- EXERCISE DESCRIPTION -
Among the entries below, find the line with "201444 RED COCKTAİL DRESS SCUBA CREP" and the line with "Velg Navn på tilgangspunkt (APN)". Return exactly those lines and every line between them, but no pictures.

Start of MATERIAL SHOWN

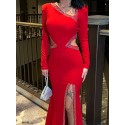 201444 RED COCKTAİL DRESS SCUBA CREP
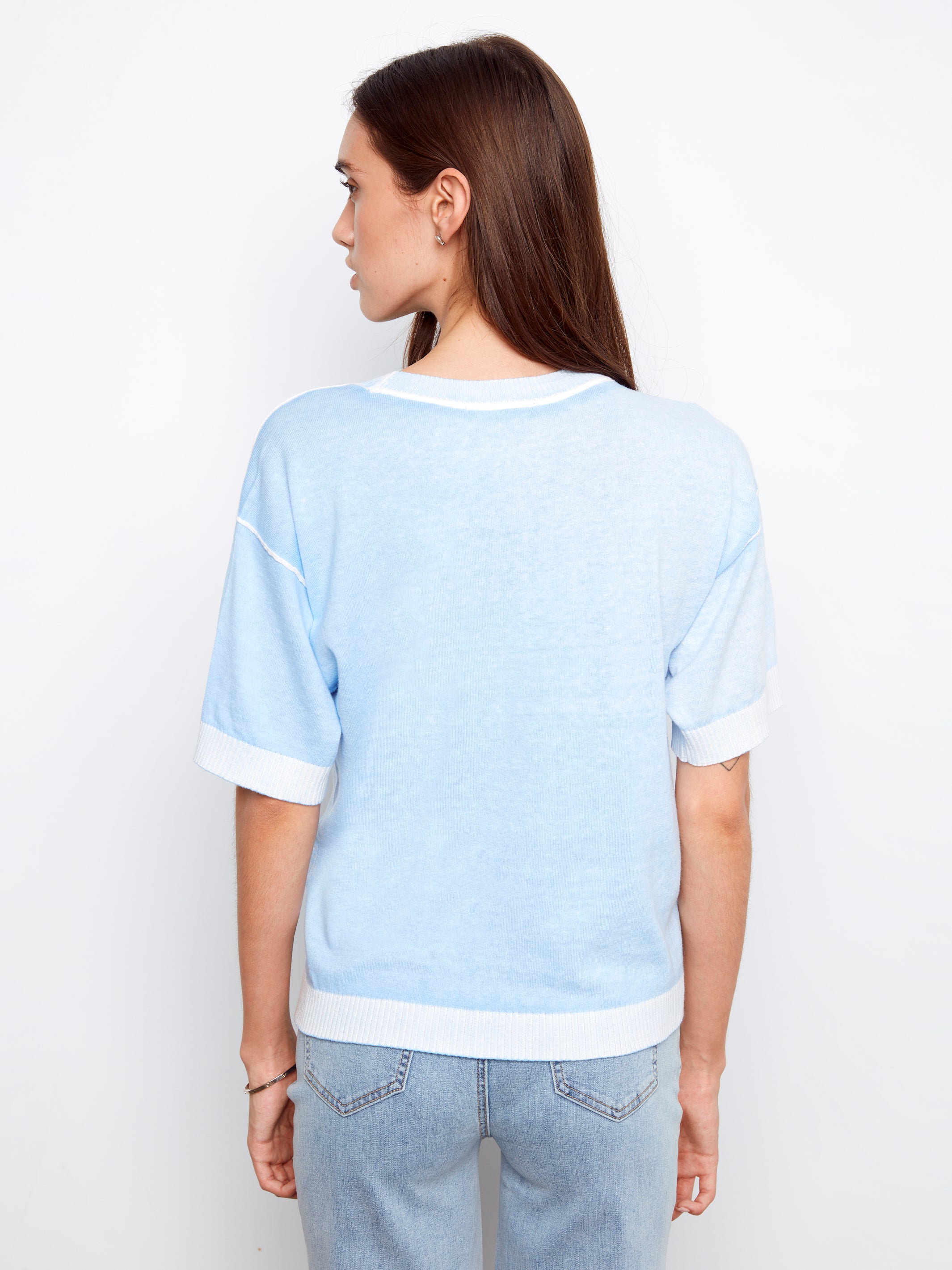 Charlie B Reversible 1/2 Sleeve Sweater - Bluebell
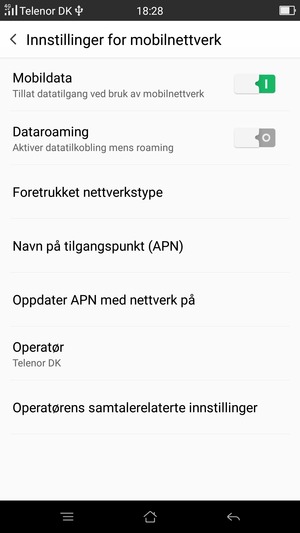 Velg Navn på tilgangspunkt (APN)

End of MATERIAL SHOWN
Start of MATERIAL SHOWN

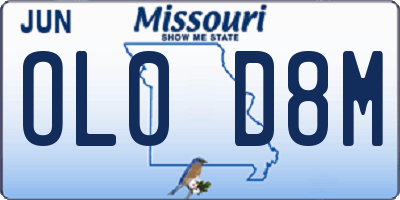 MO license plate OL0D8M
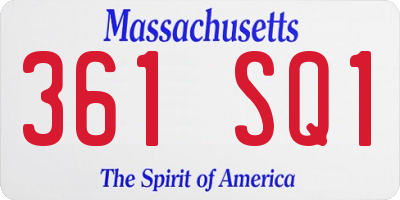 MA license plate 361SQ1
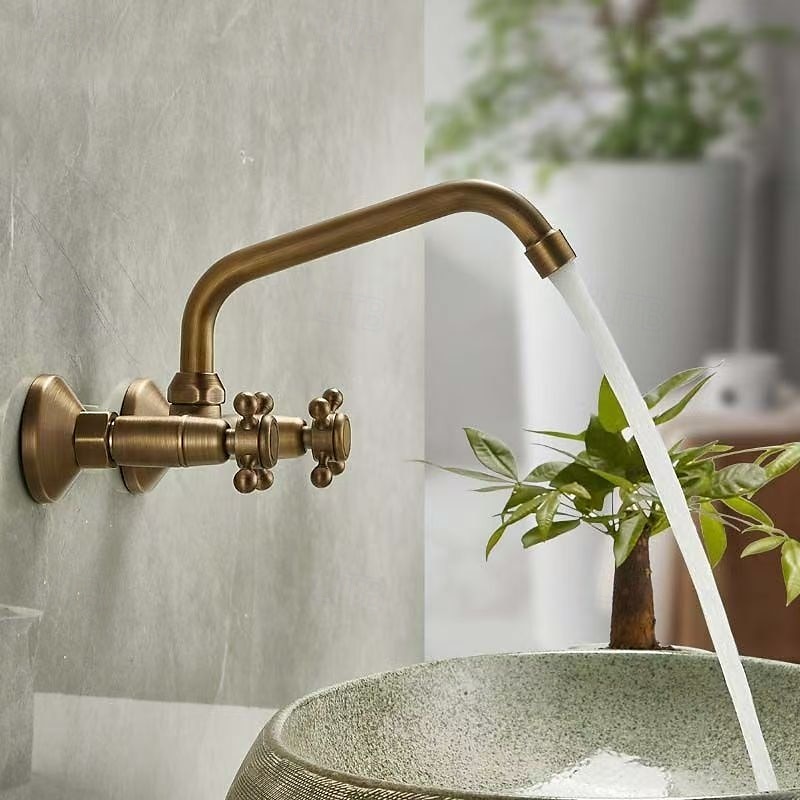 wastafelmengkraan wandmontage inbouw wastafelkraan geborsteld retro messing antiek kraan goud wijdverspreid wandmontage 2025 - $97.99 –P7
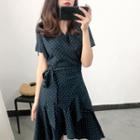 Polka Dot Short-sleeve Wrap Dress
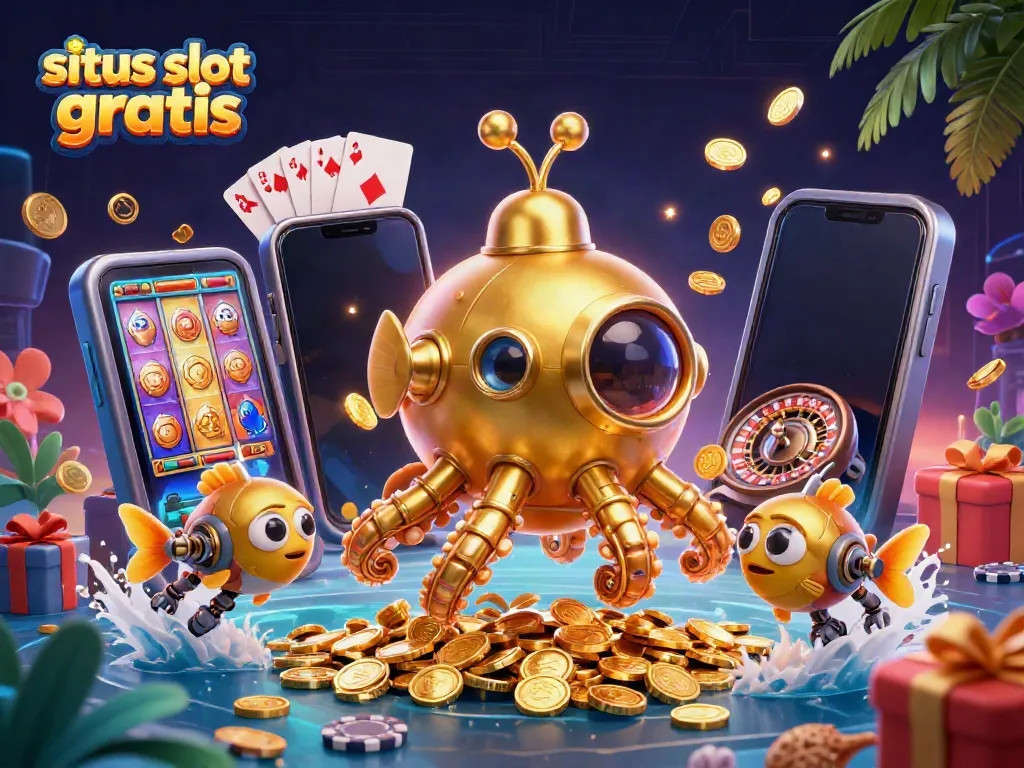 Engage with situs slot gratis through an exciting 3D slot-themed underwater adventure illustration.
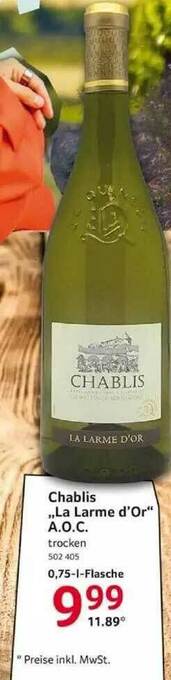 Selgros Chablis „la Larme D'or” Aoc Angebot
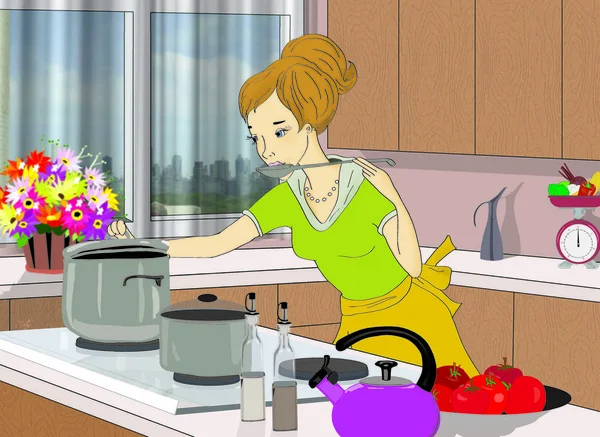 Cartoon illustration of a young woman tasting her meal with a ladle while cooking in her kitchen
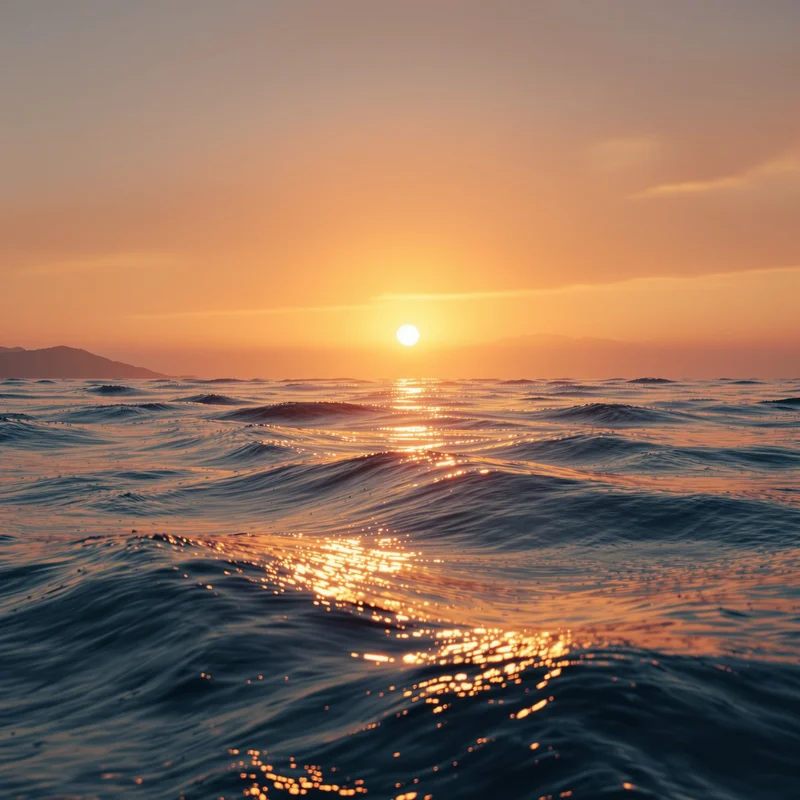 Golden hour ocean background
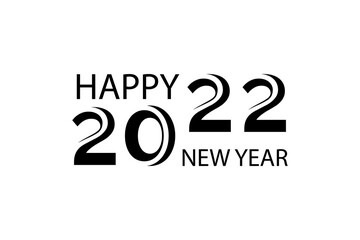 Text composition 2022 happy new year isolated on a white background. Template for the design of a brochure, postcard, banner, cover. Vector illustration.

End of MATERIAL SHOWN

- RESPONSE BELOW -
 201444 RED COCKTAİL DRESS SCUBA CREP
 Charlie B Reversible 1/2 Sleeve Sweater - Bluebell
 Velg Navn på tilgangspunkt (APN)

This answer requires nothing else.